一方、本発明によれば、上部に設けられたつまみ部111(111a,111b)を操作することにより、第二凹凸部312(312a,312b)から係止部112(112a,112b)が解放されてアーム30(30a,30b)が閉じるため、容易に衣類からハンガー100を取り外すことができる。
【0047】
なお、本実施の形態において、
図7に示されるように、回転部31の第一凹凸部311および第二凹凸部312が設けられる部分は円弧状である。そして、第二凹凸部312が設けられる円弧部分の半径は、第一凹凸部311が設けられる円弧部分の半径よりも大きい。これにより、第二凹凸部312は係止部112としっかり係合し、よりハンガー100の使用中にアーム30のロックが外れたりすることはない。
【0048】
一方、第一凹凸部311が設けられる円弧部分の半径は、第二凹凸部312が設けられる円弧部分の半径よりも小さいため、回転部31同士(回転部31aおよび回転部31b)の回転をよりスムーズなものにすることができる。
【0049】
要するに、回転部31の第一凹凸部311が設けられる円弧状の部分と、第二凹凸部312が設けられる円弧状の部分との湾曲度合を変えることにより、回転部31同士のスムーズな回転と、アーム30のしっかりとしたロックとを同時に実現することができる。
【0050】
また、本実施の形態におけるハンガー100は、バネや金属などを使用していない。そのため、製造が容易であり、かつ低コスト化を実現することができる。
【0051】
[固定部]
図9は、本発明の実施の形態に係る固定部を示す概略正面図であり、
図10は、その概略左側面図である。上述したように、固定部14(
図1参照)は、長期的に衣類をアーム30に掛けていると、本体部10が開いて回転支持部13からアーム30が脱落してしまうおそれがあるため、このような本体部10の開きを防ぐためのものである。
【0052】
固定部14は、例えば、リベットを用いることができる。
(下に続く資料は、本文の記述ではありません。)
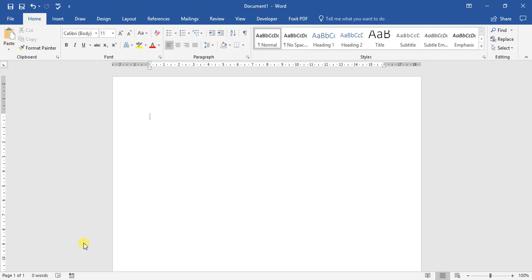For this video, we're going to be looking at a few topics. We're going to be looking at how to apply a document theme, a style set, inserting watermarks, as well as inserting a cover page.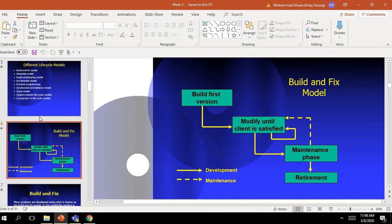We did Build and Fix model and discussed its consequences.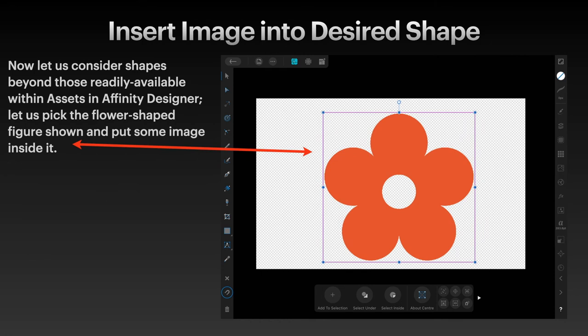Now you can also set images into desired shapes, which is slightly different because a shape is a different type of object. Consider shapes beyond those readily available within assets in Affinity Designer. Let's pick the flower shape figure shown and put some image inside it — that's just a flower shape I've created, and it's very simple to do.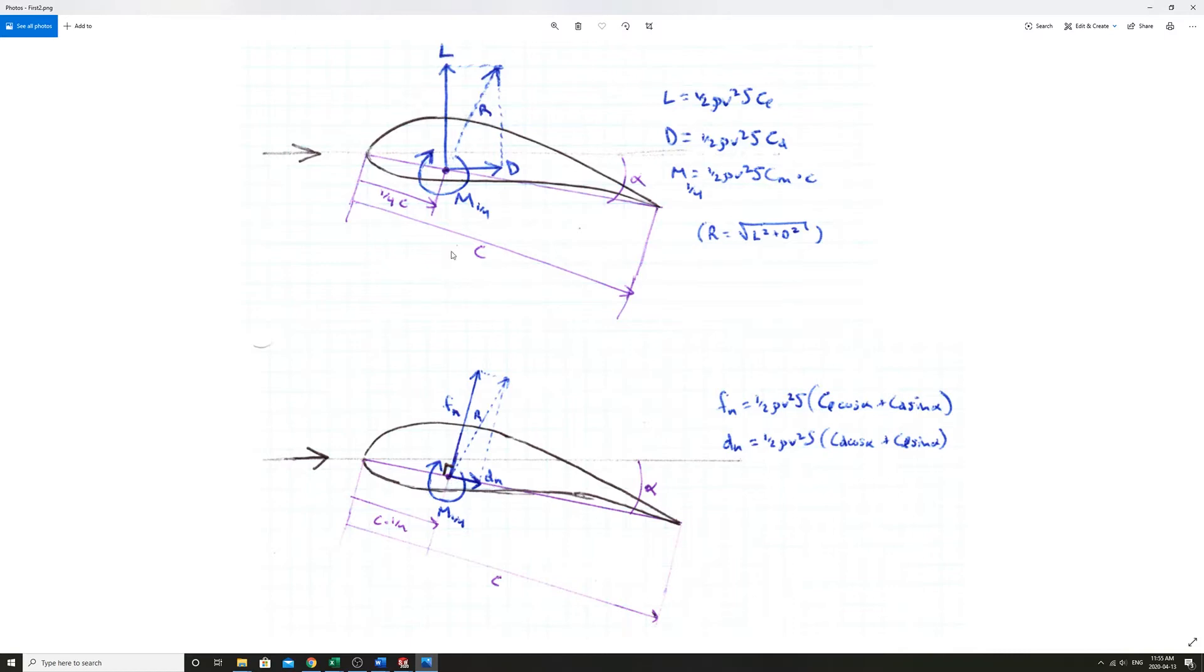To this Fn and Dn that is perpendicular to the chord and along the chord. Since that's passing through the same point still, the quarter chord, you still have that M quarter chord which is the same value. These would be calculated with CL cos alpha plus CD sin alpha and then Dn would be CD cos alpha plus CL sin alpha.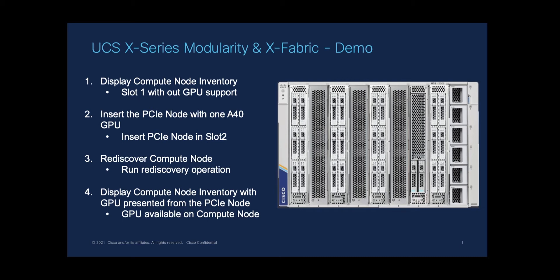This is a quick demonstration of the disaggregation capabilities within the Cisco UCS X-series platform. We are going to showcase the simplicity and modularity of the platform architecture in this demo.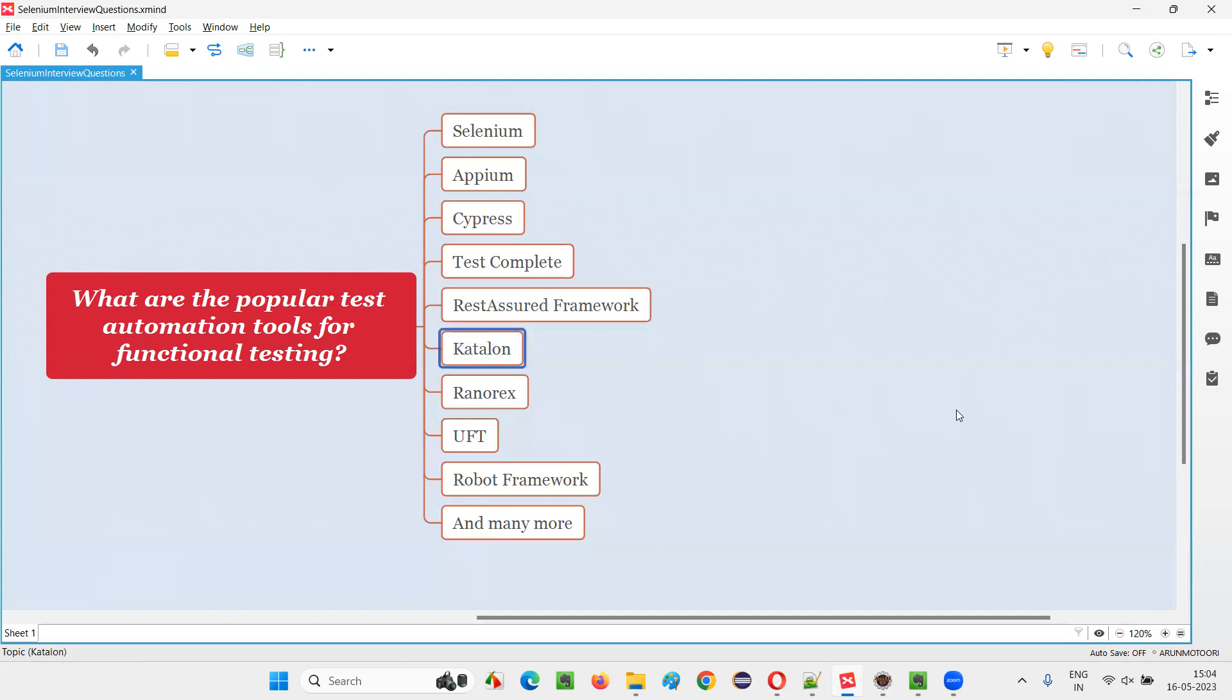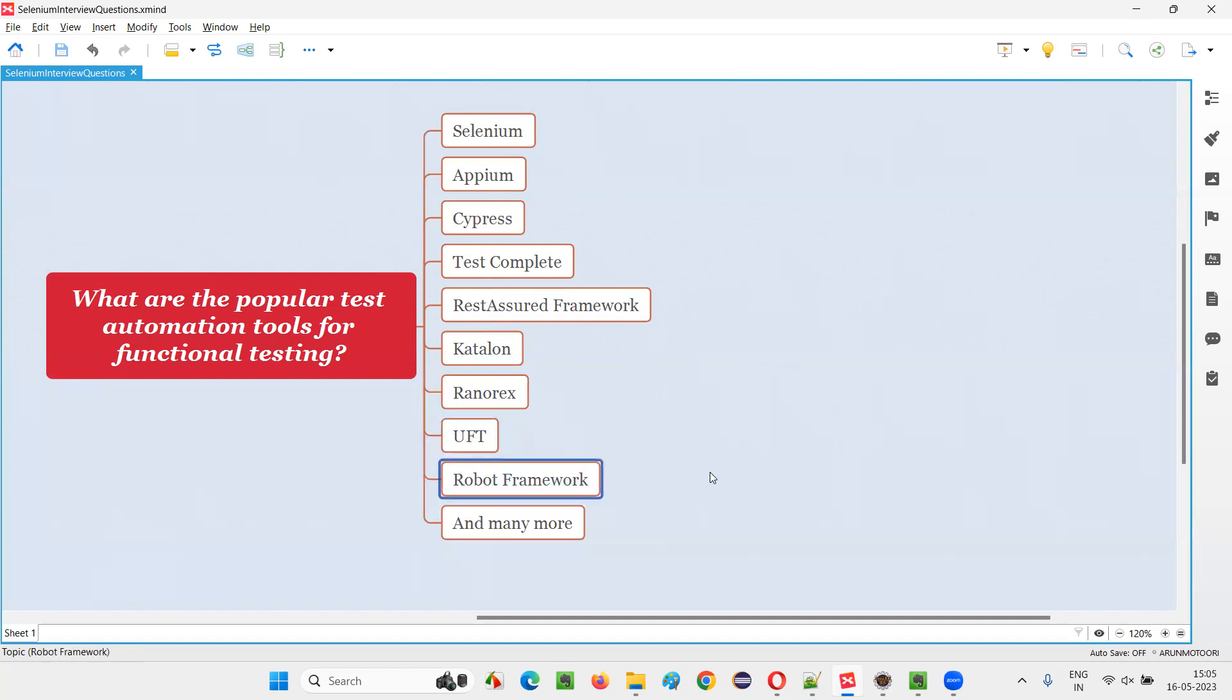Then we have Katalon for automating different things like web, mobile, and APIs. Then we have Ranorex. We have UFT, which can automate API, UI, and mobile, and we have Robot Framework.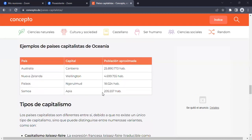En Oceanía, el continente más pequeño del globo terráqueo, tenemos: Australia, capital Canberra, con 25.890.773 habitantes; Nueva Zelanda, capital Wellington, con 4.699.755 habitantes; Palaos, capital Ngerulmud, con 18.024 habitantes; y Samoa, capital Apia, con 205.557 habitantes. La mayoría de estos países — Australia, Nueva Zelanda, Palaos y Samoa — son países 100% capitalistas.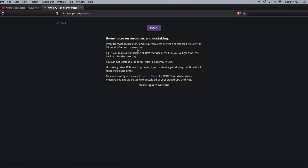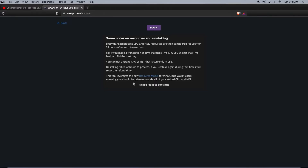You cannot unstake CPU or NET that is currently in use. Unstaking takes 72 hours to process. If you want to stake again during that time, it will reset the refund timer. This tool leverages the new resource model for WAX Cloud Wallet users.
具体的には、
図9に示すように、固定部用孔14aHに、
図10に示すようなリベットオス14aMとリベットメス14aFとを結合させる。固定部用孔14bH、リベットオス14bM、リベットメス14bFについても同様である。
【0053】
なお、
図9に示すように、回転部31(
図7参照)の上方および下方の位置にそれぞれ固定部14aおよび固定部14bを設けることにより、本体部10内で回転部31が回転しても、しっかりと本体部10を安定した構造とすることができる。安定した構造とは、本体部10が開いたりせずに、回転部31の位置がズレたり、外れたりしない構造などのことである。
【0054】
以上のように説明した本発明の実施の形態はあくまで一例であり、例えば、係止部112と、それに係合する第二凹凸部312の形状は、アーム30が外れないようにしっかりと係合する形状のものであれば、
図7などに記載された形状に限られない。
【産業上の利用可能性】
【0055】
本発明は、利便性があり、耐久性に優れ、かつ低コスト化を実現し得るハンガーとして、一般家庭のみならず、クリーニング店やホテル、小売店など、様々な場所や様々な場面で利用することができ、かつアームが閉じた状態では通常のハンガーと比較してコンパクトになることで、収納スペースの有効化と持ち運び(移動時の携帯)に便利なハンガーとして利用することができるため、産業上有用である。
【符号の説明】
【0056】
10 本体部
11 ロック部
111,111a,111b つまみ部
112,112a,112b 係止部
113,113a,113b 板部
12 支点部
13,13a,13b 回転支持部
14,14a,14b,14aH,14bH,14aM,14aF,14bM,14bF 固定部
20 フック部
30,30a,30b アーム部
31,31a,31b 回転部
311,311a,311b 第一凹凸部
312,312a,312b 第二凹凸部
313,313a,313b 平滑部
100 ハンガー
【手続補正書】
【提出日】2022-04-12
【手続補正1】
【補正対象書類名】特許請求の範囲
【補正対象項目名】全文
【補正方法】変更
【補正の内容】
【特許請求の範囲】
【請求項1】
本体部と、前記本体部を中心に左右それぞれ開閉する2本のアームを有するハンガーであり、
前記本体部に設けられる、つまみ部および係止部を備えたロック部と、
前記2本のアームの前記本体部に向かう一端にそれぞれ設けられる回転部と、
前記それぞれの回転部に設けられる第一凹凸部であり、もう一方の前記回転部の第一凹凸部と係合する前記第一凹凸部と、
前記それぞれの回転部に設けられる第二凹凸部であり、前記係止部と係合する第二凹凸部と、を有し、
前記回転部は、前記係止部と接触する平滑部であって、前記回転部が回転すると前記係止部がその上を滑る平滑部が設けられたものであり、
前記係止部は、前記それぞれの回転部に設けられる第二凹凸部をそれぞれ左右から挟み込むことで前記回転部をロックするものである
ハンガー。
【請求項2】
前記第二凹凸部の凹凸の大きさが、前記第一凹凸部の凹凸の大きさよりも大きい
請求項1に記載のハンガー。
【請求項3】
前記回転部の前記第一凹凸部および前記第二凹凸部が設けられる部分は円弧状であり、
前記第二凹凸部が設けられる円弧部分の半径が、前記第一凹凸部が設けられる円弧部分の半径よりも大きい請求項1または2に記載のハンガー。
【請求項4】
前記第二凹凸部は、複数の凹凸が設けられたものである
請求項1~3のいずれか1項に記載のハンガー。
【請求項5】
前記本体部に設けられ、前面および背面から当該本体部を押圧して固定する固定部であり、前記回転部の上方および下方の位置に設けられる固定部を有する
請求項1~4のいずれか1項に記載のハンガー。